How do you find the value(s) of c guaranteed by the Mean Value Theorem for Integrals for the function #f(x)= 6 cos x# on the interval# [-pi/2, pi/2]#?

1 Answer
Aug 30, 2015

Solve #f'(x) = (f(pi/2) - f(-pi/2))/((pi/2) - (-pi/2))# for values in # (-pi/2, pi/2)#

Explanation:

I would begin by checking that the hypotheses are true.

This function is continuous on # [-pi/2, pi/2]# and differentiable on # (-pi/2, pi/2)#, so the hypotheses of the Mean Value Theorem are true.
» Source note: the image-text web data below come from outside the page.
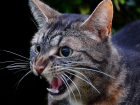 В Астраханской области выявили «кошачьи» очаги бешенства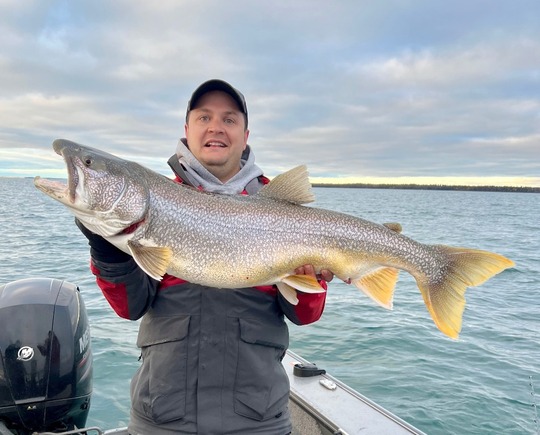 Lake Trout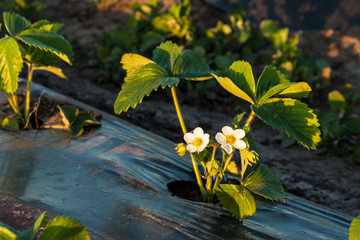 Strawberry Plant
The conclusion is that there is a number #c# in # (-pi/2, pi/2)# with

#f'(c) = (f(pi/2) - f(-pi/2))/((pi/2) - (-pi/2))# .

We have been asked to find the number(s) whose existence the theorem asserts.

For #f(x) = 6cosx#, we have #f(pi/2) = f(-pi/2) = 0#, so we need to solve

#f'(c) = 0#

Furthermore #f'(x) = -6sinx# which is #0# at integer multiples of #pi#

The only integer multiple of #pi# in # (-pi/2, pi/2)# is #0 pi = 0#

#c = 0#